In December, Dr. Zinn was an executive producer and narrator of a History Channel documentary, "The People Speak,'' in which a cast of Hollywood celebrities read first-person historical documents such as Sojourner Truth's "Ain't I a Woman" and socialist Eugene Debs's call to activism. Dr. Zinn, an outspoken opponent of the Iraq war, wrote a short essay for the Nation magazine last week critiquing President Obama's first year in office.

'Never Again'

Howard Zinn was born in New York on Aug. 24, 1922, to working-class Jewish parents. When he was 17, he took part in a Communist-led political rally in Times Square, where he and other demonstrators were clubbed and beaten by police even though the rally was peaceful, he said. He said it was a shocking lesson in power.

He got a job at the Brooklyn Navy Yard, building battleships and landing ship tankers, but he quit to join the Army Air Forces during World War II. He was made a bombardier and flew missions over Europe. In his 1994 autobiography "You Can't Be Neutral on a Moving Train," Dr. Zinn wrote that in April 1945, the airmen were told that they would not be using the normal demolition bombs but 30 100-pound canisters of what was called jellied gasoline, now known as napalm. The bombs were dropped on Royan, France, where several thousand German soldiers were posted. According to press accounts, hundreds of French civilians were also killed.

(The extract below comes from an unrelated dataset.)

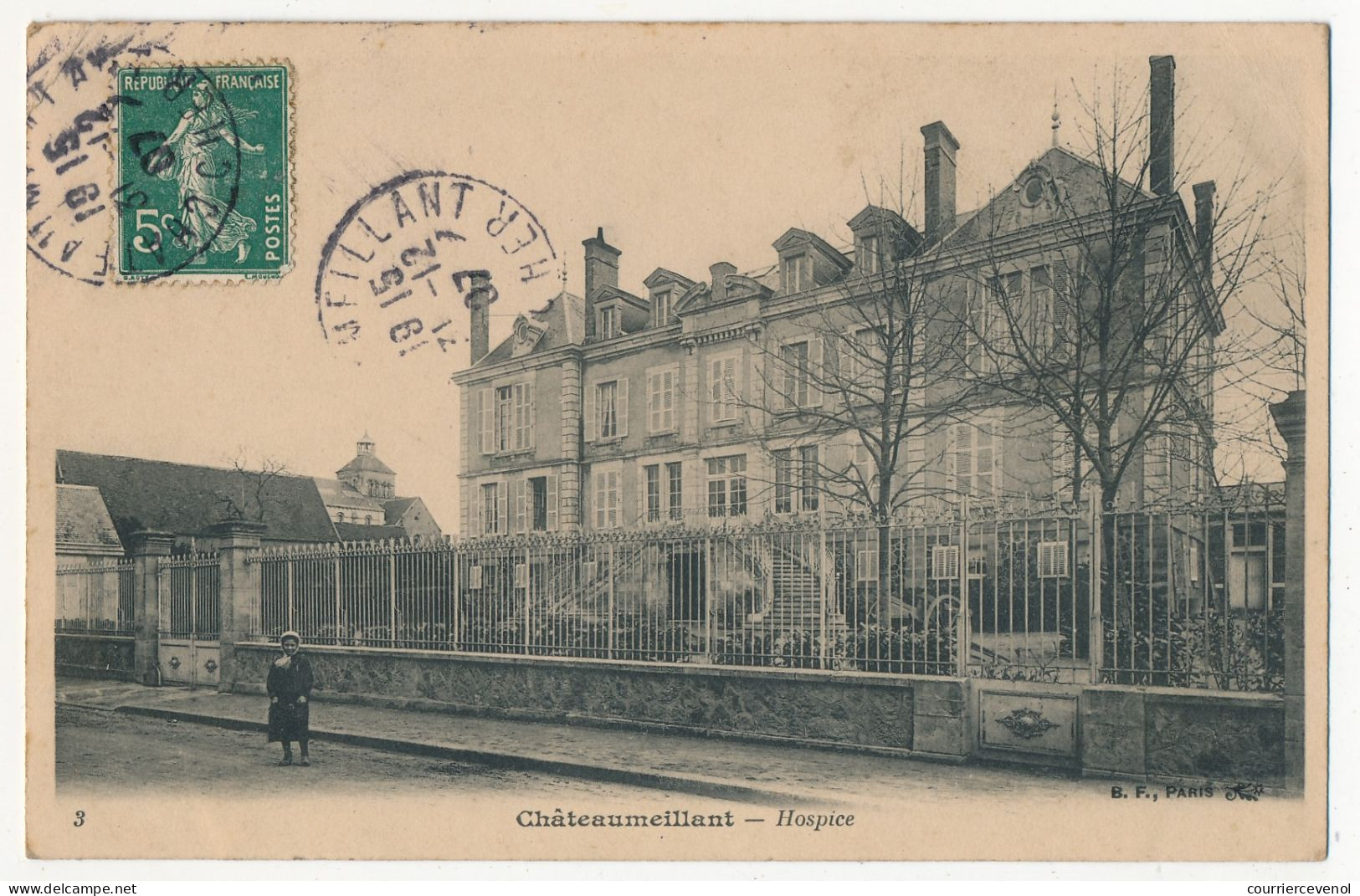 CPA - CHATEAUMEILLANT (Cher) - Hospice - Châteaumeillant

Upon his military discharge, he gathered his Air Medal, other awards and documents and put them in a folder he labeled "Never again."

He graduated from New York University and completed a master's degree in history in 1952 and a doctorate in history in 1958, both at Columbia University. His doctoral dissertation on New York Mayor Fiorello LaGuardia's congressional career was published in 1959 as "LaGuardia in Congress," the first of about 20 books.

In 1956, he began teaching history at Spelman, an African American women's school. For the next seven years, he advocated for desegregation and voter registration, encouraging students such as Marian Wright Edelman and Alice Walker. Fired in 1963 for insubordination concerning his civil rights activities, he returned to give the commencement address in 2005, which has become a cult classic.

"The lesson of that history is that you must not despair, that if you are right, and you persist, things will change. The government may try to deceive the people, and the newspapers and television may do the same, but the truth has a way of coming out. The truth has a power greater than a hundred lies," he said. "My hope is that you will not be content just to be successful in the way our society measures success; that you will not obey the rules, when the rules are unjust; that you will act out the courage that I know is in you."

Survivors include his wife of 50 years, Roslyn Zinn of Auburndale, Mass.; two children, Myla Kabat-Zinn of Lexington, Mass., and Jeff Zinn of Wellfleet, Mass.; and five grandchildren.

"I guess if I want to be remembered for anything it's for introducing a different way of thinking about the world, about war, about human rights, about equality," Dr. Zinn told, a policy and ideas Web site, in 2008. "Also, getting more people to realize the power which rests so far in hands of people with wealth and guns, that the power ultimately rests in people themselves and they can use it. And at certain points in history they have used it . . . . I want to be remembered as somebody who gave people a feeling of hope and power that they didn't have before."